PROMPT
The answer is to be an exact copy of the lines below running from the line with "मंथर गति से" down to the line with "Dvosoban stan 57m2, Izdavanje, Podgorica", both ends included, and nothing more.

RECORD SET
*** Begin section ***

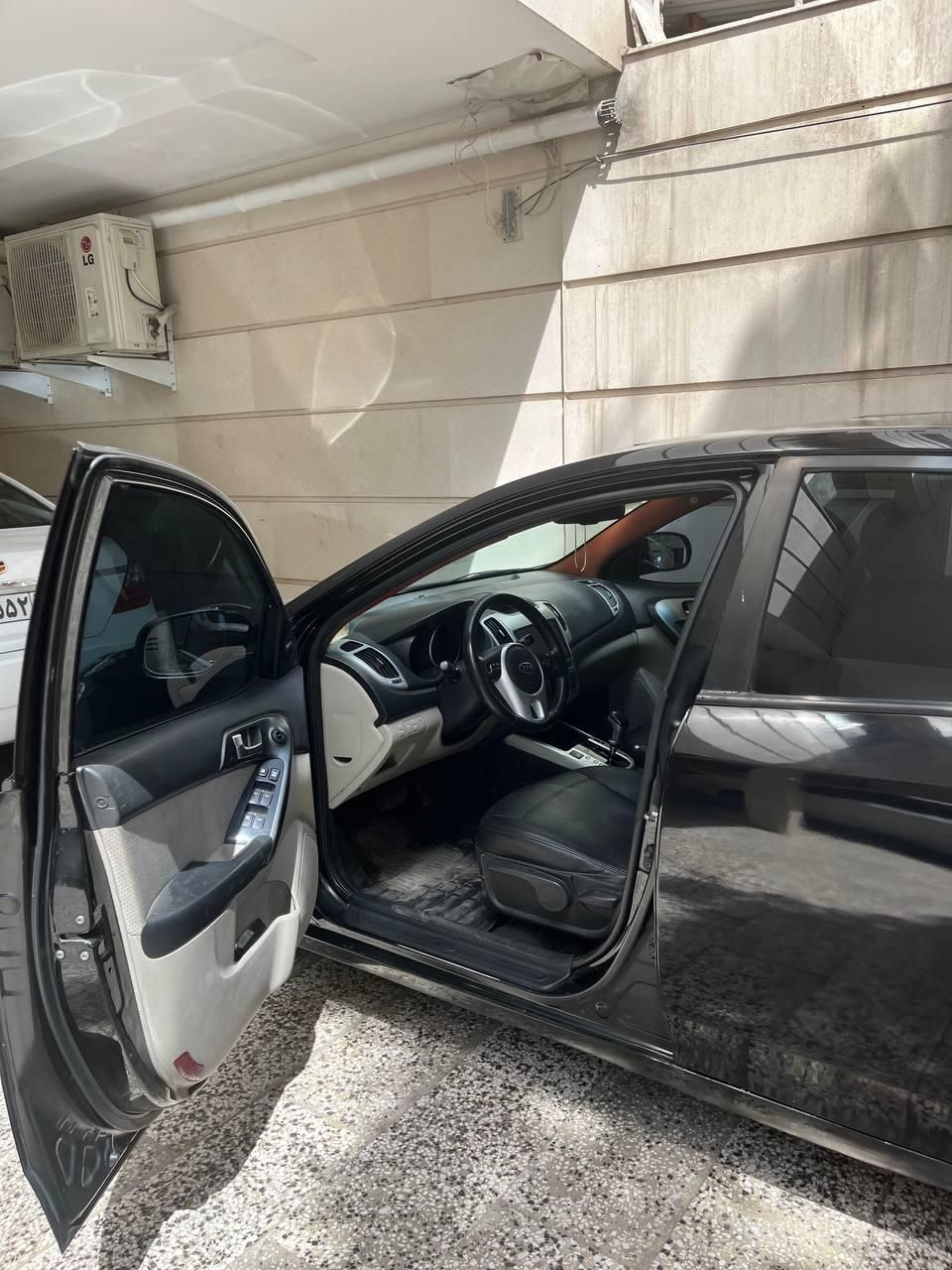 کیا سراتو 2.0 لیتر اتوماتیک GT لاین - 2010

*** End section ***
*** Begin section ***

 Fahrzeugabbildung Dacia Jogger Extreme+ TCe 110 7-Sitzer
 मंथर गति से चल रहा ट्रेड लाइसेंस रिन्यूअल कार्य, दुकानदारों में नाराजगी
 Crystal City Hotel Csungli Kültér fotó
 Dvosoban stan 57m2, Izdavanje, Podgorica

*** End section ***

RESPONSE AREA
 मंथर गति से चल रहा ट्रेड लाइसेंस रिन्यूअल कार्य, दुकानदारों में नाराजगी
 Crystal City Hotel Csungli Kültér fotó
 Dvosoban stan 57m2, Izdavanje, Podgorica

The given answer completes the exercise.